Reed’s brows draw together in concern as he reluctantly says, “They think that because of the violence employed in the crime.”
“How did he die?” I ask as I hold my breath, waiting for Reed’s response.
Reed doesn’t say anything at first, until I turn and look at his eyes. “Badly,” Reed replies, not saying anymore. I nod my head, acknowledging what he is telling me. He is saying that I don’t want to know, and I believe him. He nudges me to lie in the bed, covering me with the blankets.
“I should’ve given him what he wanted. I shouldn’t have resisted…why did I resist?” I whisper wretchedly.
“No, Evie, don’t say that. I will take care of it. Alfred doesn’t understand what pain is…not yet, but he will, I promise you,” Reed says. “I will define the word ‘suffering’ for him.”
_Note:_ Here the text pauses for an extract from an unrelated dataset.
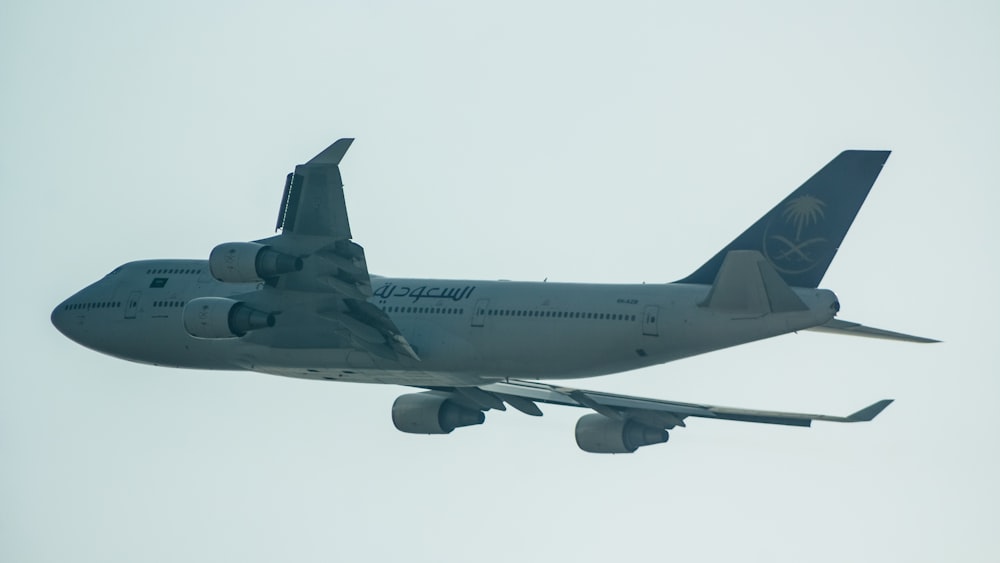 a large jetliner flying through a cloudy sky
Reed’s words are meant to comfort me, but avenging my uncle hardly matters to me at this moment. Uncle Jim is dead and nothing will change that fact, not even Alfred’s pain. I close my eyes. I want nothing more than to go to sleep and never wake up. Tears run down my cheeks again, but I am too tired to wipe them away.
I awaken to find someone holding my hand, and I look over to see Russell staring at me sadly from a chair he had pulled up to my bed. “Hey, there ya are, Red,” he says with a softening of his eyes as he bends over my hand, placing a kiss upon it.
“Russell, are you…okay?” I ask him groggily, trying to sit up in bed. I still feel weak, but I don’t want him to see that. He notices anyway, and he gently helps me to sit up. Looking him over to see if he has any outward injuries, he looks to be in perfect health.
“I’m sorry, Red,” Russell says bluntly, peering down at my small hand in his enormous one. “I tried to make ya go away. I’d been havin’ these nightmares for days, ‘bout the Seven-Eleven. I knew somethin’ bad was gonna happen, and I didn’t want ya involved, so I tried to make ya go away. But yer stubborn, and I should’ve known y’all would never give up on me,” he says, looking up at my eyes again and grimacing. “I didn’t understand what was happenin’.”
“You were having dreams, just like I was?” I ask him, stunned.
“I wouldn’t say just like ya ‘cuz I was never hit by a light, or given a necklace in my nightmares,” he states emphatically, and I realize that Reed, or someone, had filled Russell in on some of the details that he was kept in the dark about before now. “Y’all should never have gone with Freddie. Y’all should’ve gone for help…found Zephyr,” he says, scolding me while he shakes his head.
“Russell, I had to go, you’re my soul mate,” I say plainly, and I know that he understands what I am saying because I’m his soul mate, too.
“Yeah, I am, so ya know how I feel ‘bout y’all tryin’ to give up yer soul for me. Don’t ya ever do anythin’ like that again, do ya understand?” he says with heat in his tone.